DATA FOR PROCESSING START

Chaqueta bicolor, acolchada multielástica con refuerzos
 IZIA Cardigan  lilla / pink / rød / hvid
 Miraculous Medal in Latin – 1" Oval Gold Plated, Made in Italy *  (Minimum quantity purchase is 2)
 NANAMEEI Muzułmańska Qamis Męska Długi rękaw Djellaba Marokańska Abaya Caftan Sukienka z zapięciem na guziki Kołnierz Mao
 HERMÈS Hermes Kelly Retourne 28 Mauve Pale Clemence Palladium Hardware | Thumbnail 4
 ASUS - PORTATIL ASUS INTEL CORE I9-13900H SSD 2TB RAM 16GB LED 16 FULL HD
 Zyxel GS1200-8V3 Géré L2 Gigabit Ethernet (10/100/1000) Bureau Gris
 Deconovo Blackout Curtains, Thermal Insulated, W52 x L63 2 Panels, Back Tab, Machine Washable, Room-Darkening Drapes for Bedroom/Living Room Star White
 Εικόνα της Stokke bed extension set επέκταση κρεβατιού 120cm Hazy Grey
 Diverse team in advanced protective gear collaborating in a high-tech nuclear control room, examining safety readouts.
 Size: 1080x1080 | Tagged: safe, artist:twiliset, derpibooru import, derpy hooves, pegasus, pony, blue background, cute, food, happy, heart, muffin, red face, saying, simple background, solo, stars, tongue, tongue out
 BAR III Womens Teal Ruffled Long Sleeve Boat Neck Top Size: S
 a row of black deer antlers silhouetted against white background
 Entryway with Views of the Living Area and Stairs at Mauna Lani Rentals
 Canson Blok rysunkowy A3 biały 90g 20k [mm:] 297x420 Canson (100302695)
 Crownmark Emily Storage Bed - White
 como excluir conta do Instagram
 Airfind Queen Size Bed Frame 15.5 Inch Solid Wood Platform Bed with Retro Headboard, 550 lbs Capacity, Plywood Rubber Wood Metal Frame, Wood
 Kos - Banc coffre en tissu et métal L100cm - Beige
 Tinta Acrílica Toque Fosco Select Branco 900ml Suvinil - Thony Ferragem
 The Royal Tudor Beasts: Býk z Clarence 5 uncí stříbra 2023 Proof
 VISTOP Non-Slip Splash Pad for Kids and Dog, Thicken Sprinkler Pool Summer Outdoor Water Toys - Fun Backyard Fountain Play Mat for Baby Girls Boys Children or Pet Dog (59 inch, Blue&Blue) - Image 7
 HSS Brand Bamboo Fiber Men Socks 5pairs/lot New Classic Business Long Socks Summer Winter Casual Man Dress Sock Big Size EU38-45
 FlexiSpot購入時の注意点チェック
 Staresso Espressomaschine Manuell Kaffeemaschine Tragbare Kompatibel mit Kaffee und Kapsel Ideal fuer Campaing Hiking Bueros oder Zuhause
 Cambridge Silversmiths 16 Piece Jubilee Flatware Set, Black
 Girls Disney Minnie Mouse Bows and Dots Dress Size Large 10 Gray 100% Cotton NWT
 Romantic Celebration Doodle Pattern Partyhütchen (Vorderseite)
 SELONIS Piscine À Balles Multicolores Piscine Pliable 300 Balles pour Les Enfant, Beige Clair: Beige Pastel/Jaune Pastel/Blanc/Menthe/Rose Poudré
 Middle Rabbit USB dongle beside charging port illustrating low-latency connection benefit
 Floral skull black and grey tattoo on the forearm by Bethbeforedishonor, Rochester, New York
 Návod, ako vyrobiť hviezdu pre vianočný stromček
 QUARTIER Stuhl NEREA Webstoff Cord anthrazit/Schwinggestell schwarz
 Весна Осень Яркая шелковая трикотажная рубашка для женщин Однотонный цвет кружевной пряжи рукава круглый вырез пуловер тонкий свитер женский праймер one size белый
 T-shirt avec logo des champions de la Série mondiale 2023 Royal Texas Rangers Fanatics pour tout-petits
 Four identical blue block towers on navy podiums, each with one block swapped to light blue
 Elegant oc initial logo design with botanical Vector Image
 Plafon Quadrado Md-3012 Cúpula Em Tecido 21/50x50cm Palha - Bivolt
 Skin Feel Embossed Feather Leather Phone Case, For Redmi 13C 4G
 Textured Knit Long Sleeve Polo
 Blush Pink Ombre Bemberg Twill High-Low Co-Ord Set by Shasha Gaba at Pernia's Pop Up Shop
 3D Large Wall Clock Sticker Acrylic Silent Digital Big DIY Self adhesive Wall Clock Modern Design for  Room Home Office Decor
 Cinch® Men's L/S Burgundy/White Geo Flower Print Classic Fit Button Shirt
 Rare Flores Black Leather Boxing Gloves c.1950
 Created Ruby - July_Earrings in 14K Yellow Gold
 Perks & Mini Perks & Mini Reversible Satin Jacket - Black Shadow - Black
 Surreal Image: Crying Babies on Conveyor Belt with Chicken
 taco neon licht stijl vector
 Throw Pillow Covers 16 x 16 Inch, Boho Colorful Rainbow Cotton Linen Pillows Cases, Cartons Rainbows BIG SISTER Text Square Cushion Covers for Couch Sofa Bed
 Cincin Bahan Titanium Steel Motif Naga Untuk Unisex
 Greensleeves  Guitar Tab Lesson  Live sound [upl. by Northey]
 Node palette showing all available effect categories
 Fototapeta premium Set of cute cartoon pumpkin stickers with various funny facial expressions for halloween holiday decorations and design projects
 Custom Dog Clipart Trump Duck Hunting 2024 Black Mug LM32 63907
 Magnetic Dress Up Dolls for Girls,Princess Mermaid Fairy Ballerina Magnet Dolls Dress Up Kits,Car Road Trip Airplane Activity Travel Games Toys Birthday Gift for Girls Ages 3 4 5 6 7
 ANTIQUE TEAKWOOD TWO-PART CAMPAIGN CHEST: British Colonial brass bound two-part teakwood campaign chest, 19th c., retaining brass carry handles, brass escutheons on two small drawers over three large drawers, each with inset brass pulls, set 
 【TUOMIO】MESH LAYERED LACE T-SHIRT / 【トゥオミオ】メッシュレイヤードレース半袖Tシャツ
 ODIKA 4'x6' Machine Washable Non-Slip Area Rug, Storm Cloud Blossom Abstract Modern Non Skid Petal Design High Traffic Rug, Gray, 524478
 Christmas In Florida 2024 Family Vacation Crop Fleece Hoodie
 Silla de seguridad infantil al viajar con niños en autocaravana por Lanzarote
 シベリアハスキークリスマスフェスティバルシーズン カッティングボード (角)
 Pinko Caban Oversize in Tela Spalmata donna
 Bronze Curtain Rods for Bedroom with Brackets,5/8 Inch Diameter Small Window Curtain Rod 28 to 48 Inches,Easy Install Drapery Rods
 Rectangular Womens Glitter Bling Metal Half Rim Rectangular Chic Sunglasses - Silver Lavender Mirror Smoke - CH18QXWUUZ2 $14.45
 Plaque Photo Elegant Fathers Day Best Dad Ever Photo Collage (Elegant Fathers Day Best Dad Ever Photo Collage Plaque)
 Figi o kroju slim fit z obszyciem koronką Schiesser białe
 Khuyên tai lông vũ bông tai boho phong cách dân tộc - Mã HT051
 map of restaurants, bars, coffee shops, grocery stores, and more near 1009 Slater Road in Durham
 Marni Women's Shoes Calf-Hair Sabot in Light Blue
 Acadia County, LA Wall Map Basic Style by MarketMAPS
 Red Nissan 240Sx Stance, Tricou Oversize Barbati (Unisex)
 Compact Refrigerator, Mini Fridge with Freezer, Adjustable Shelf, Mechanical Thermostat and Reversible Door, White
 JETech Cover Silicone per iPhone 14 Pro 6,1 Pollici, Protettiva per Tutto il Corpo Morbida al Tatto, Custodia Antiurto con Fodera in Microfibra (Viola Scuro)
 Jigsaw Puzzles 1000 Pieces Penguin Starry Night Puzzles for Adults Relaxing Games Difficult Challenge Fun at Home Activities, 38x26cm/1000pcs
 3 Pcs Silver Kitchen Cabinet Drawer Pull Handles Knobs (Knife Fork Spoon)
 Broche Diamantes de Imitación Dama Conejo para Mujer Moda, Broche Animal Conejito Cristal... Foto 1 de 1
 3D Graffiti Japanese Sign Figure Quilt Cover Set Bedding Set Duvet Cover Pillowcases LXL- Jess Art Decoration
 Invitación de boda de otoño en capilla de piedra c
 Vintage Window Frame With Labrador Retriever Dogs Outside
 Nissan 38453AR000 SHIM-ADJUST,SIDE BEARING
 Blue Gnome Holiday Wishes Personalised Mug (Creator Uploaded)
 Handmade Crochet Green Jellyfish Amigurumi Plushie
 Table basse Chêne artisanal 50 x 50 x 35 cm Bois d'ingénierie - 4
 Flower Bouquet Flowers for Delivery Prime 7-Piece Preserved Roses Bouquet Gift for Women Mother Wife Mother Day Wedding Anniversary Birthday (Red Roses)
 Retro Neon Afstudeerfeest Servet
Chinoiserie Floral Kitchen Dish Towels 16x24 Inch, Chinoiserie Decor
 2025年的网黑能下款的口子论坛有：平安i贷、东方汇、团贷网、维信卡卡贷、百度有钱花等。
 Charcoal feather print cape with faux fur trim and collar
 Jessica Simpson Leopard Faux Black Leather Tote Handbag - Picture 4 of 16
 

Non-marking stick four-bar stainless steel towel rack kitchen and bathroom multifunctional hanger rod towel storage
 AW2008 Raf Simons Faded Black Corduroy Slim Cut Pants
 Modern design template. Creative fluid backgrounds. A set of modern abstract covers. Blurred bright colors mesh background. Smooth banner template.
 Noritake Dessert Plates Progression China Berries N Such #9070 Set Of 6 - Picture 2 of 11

DATA FOR PROCESSING END

WORK TASK >> The task calls for all lines in the entries that hold "Road".

SOLUTION FOR THIS EXERCISE >>
 Magnetic Dress Up Dolls for Girls,Princess Mermaid Fairy Ballerina Magnet Dolls Dress Up Kits,Car Road Trip Airplane Activity Travel Games Toys Birthday Gift for Girls Ages 3 4 5 6 7
 map of restaurants, bars, coffee shops, grocery stores, and more near 1009 Slater Road in Durham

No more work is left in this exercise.